Une « révolte salutaire » ?

Pour Denis Luciani, de l’Associu di i Parenti Corsi, c’est une « révolte salutaire » que connait la Corse. Et la responsabilité des évènements appartient à « ceux qui ont instauré le déni de démocratie », à savoir l’État. Une analyse que ne partage pas Jean-Pierre Battistini, représentant de la CGT. « L’État a ses fautes, mais lorsque je vois des bâtiments des impôts incendiés et le président de l’Exécutif et le maire de Bastia bras croisés, je me pose des questions sur la démocratie », soulève t-il. S’il s’affiche « contre l’indépendance », pour lui, c’est désormais au peuple de trancher. « Il faut demander aux Corses ce qu’ils veulent vraiment, on ne peut plus tergiverser », assure t-il.
 
Avant d’envisager un referendum, d’autres préfèrent jouer la carte de la négociation. Comme Jean Brignole, représentant du STC, même s’il regrette qu’il ait fallu « un drame » pour avancer. C’est dans la même veine que s’exprime Antoine Battestini. « J’étais un activiste de l’indépendance, jugé et condamné par la cour de sûreté de l’État. J’ai dû attendre 40 ans pour en entendre parler d’autonomie. Aujourd’hui, c’est une lueur d’espoir », confie t-il.

« L’heure est plus à la lutte qu’autre chose »

Certains, pourtant, n’hésitent pas à se montrer plus vindicatifs. « L’heure est plus à la lutte qu’autre chose », estime pour sa part Léon Giacomoni. « Que je sache, l’histoire du monde a été construite par les révolutions », abonde Marie-Désirée Marcellini-Nicolaï, représentante du STC. Hyacinthe Choury, secrétaire général du Secours Populaire pour la Corse, qui s’exprimait ici « en son nom », dit quant à lui « comprendre les débordements et le désespoir de la jeunesse ». « Mais je les regrette, car cela se retourne et contre eux, et contre nous », ajoute t-il. Des prises de position qui incitent d’autres intervenants à faire preuve de davantage de prudence. « On ne peut pas dire à des jeunes d’aller à la violence, faisons attention », conclut Jean-Jacques Gianni, maire d’Evisa.
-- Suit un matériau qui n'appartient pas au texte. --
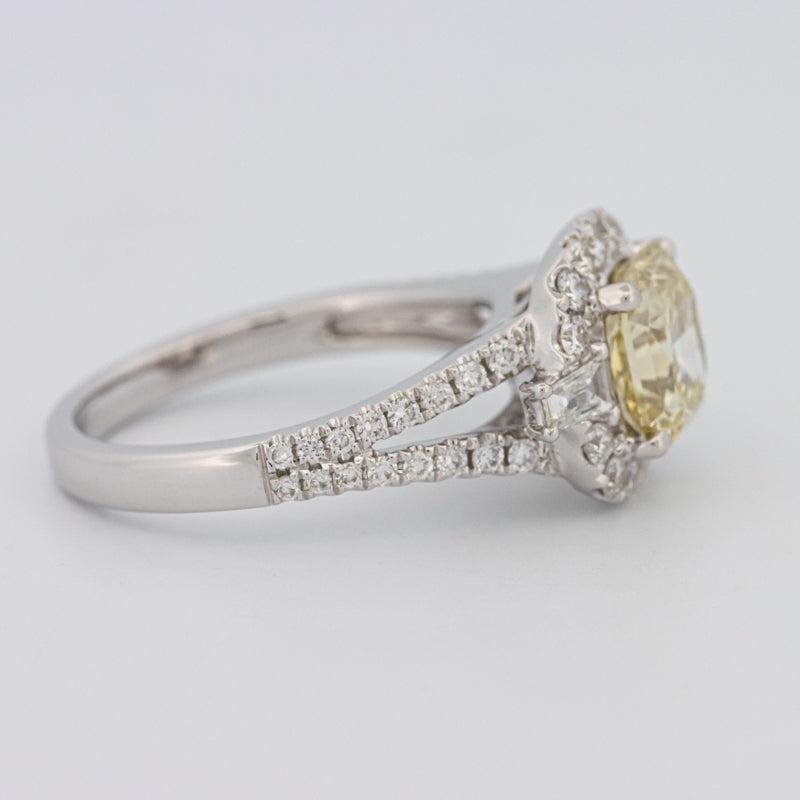 2 CT Fancy Yellow Square Radiant Halo Solitaire - ZIZOV DIAMONDS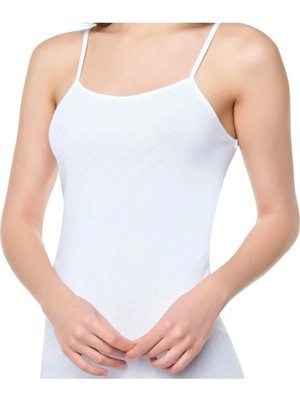 Tutku Kadın 6 'lı Paket Pamuklu Ip Askılı Ribina Atlet-Beyaz-S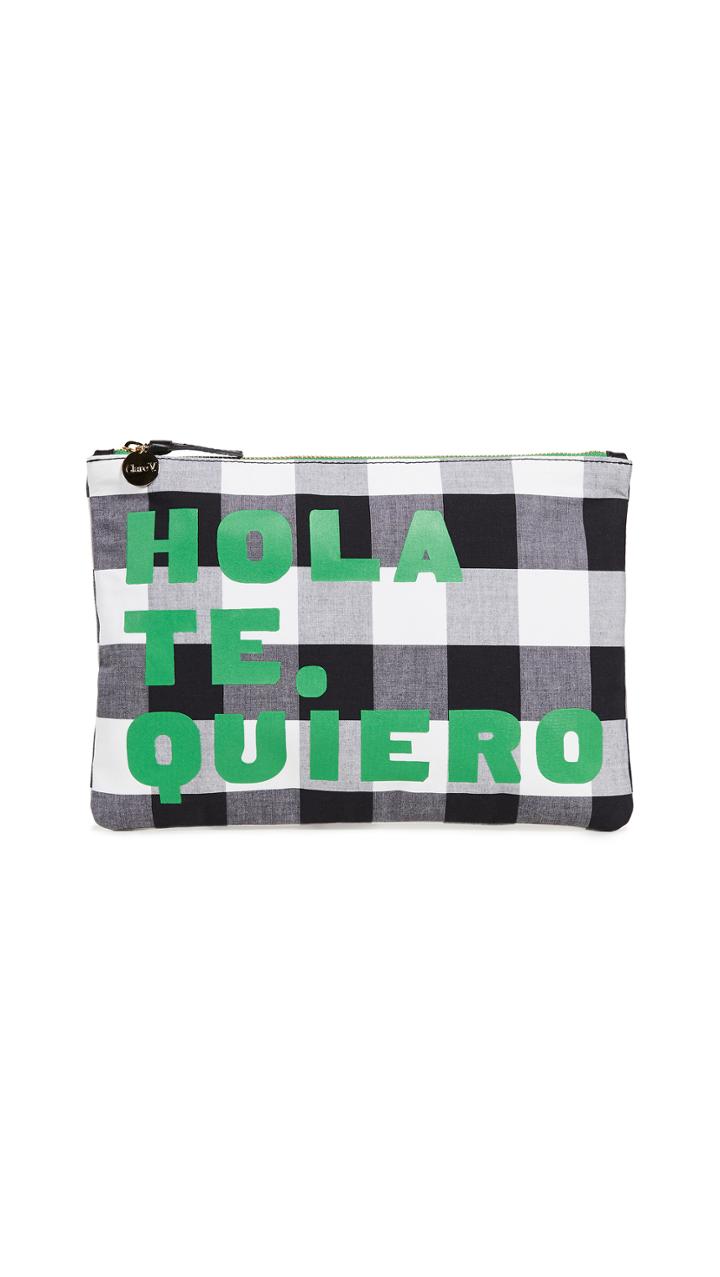 Clare V Gingham Hola Flat Clutch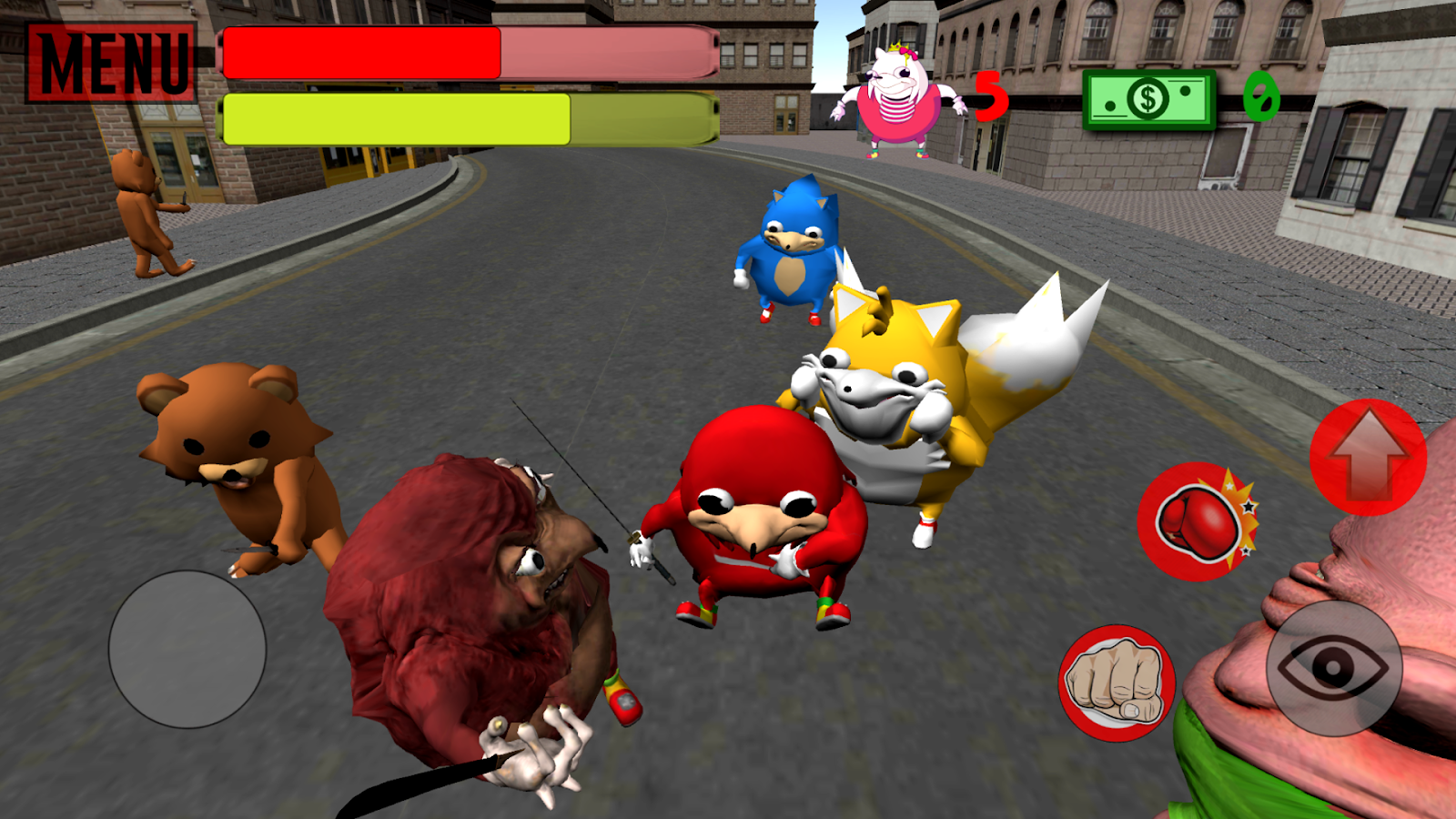 Ugandan Knuckles Simulator. Meme Salvation 3D截图1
Les débats le prouvent, porter la voix d'une société civile insulaire diverse, parfois divisée, ne sera pas une mince affaire pour le Cesec. Mais Marie-Jeanne Nicoli se veut optimiste : « Nos points de vue peuvent être opposés, mais nous avons su toujours par un exercice démocratique exigeant trouver des points de convergence où l’humain prime sur toute considération ».